Para que um espaço seja público, não basta estar aberto a todo mundo: ele precisa acolher todo mundo. O que define uma praça, um parque, uma orla como território comum é menos a ausência de catracas e mais a liberdade para estar ali como quiser — sem códigos ou sinais ditando quem é bem-vindo e como se comportar.
Foi essa premissa que a Justiça considerou ao decidir que o Embarcadero, empreendimento de lazer e gastronomia no Cais Mauá, não pode mais impedir as pessoas de entrarem com comida e bebida. Se alguém quiser fazer um piquenique no gramado, com frutas e sanduíches que trouxe de casa, ou se quiser apenas caminhar à beira do Guaíba com a própria garrafinha de água mineral, isso é um direito. Não pode, num espaço público, me obrigarem a consumir só o que eles vendem.
Importante deixar claro: o Embarcadero é um acerto enorme. Ele não devolveu a Porto Alegre apenas um cenário histórico, mas também o orgulho de experimentar um ambiente vibrante, elogiado por turistas, relevante na economia e integrado à paisagem mais preciosa da cidade. Esse é o mérito das parcerias com o setor privado: tirar do papel o que o poder público, por falta de dinheiro ou excesso de burocracia, raramente consegue.
A questão é que, de vez em quando, as parcerias parecem vir com pegadinha. Lá pelas tantas, surge uma restrição, uma intervenção, um detalhe incômodo que jamais fez parte do acordo. O shopping que ergueram na área do antigo Estaleiro Só, por exemplo: nunca esteve no projeto aquele paredão branco horroroso na Padre Cacique. Era para ser uma fachada envidraçada, que permitisse à população enxergar o Guaíba lá do outro lado. Mas cravaram ali um insulto à cidade.
E o Parque Mauricio Sirotsky Sobrinho? A concessão sempre prometeu mais vida e qualidade urbana, só que um dia acordamos com a notícia de que 432 árvores poderiam ser derrubadas — no fim, deceparam 103. É aí que a coisa desanda.
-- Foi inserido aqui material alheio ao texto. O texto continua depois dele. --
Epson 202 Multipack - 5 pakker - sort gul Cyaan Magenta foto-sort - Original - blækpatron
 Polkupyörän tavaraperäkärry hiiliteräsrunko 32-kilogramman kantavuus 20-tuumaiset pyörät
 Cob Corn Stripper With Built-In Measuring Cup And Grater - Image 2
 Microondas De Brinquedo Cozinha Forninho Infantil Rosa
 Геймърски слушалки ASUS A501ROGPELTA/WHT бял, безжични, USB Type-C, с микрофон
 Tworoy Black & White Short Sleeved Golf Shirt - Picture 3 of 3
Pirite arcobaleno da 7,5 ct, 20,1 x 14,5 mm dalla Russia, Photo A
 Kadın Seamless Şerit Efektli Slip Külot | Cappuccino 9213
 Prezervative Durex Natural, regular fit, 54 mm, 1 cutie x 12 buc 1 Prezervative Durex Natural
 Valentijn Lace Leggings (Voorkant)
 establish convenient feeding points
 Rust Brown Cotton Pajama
Concessão já é, por natureza, um tema que divide. Quando surgem paredes que não deveriam existir, ou vontade de cortar o que não deveria cair, fica mais difícil dobrar resistências e defender projetos que são, sim, bons para a cidade.
O Embarcadero é bom para a cidade. Talvez só precise lembrar que espaço público, quando funciona como deve, não é um lugar que escolhe quem entra — é um lugar que faz todo mundo querer ficar.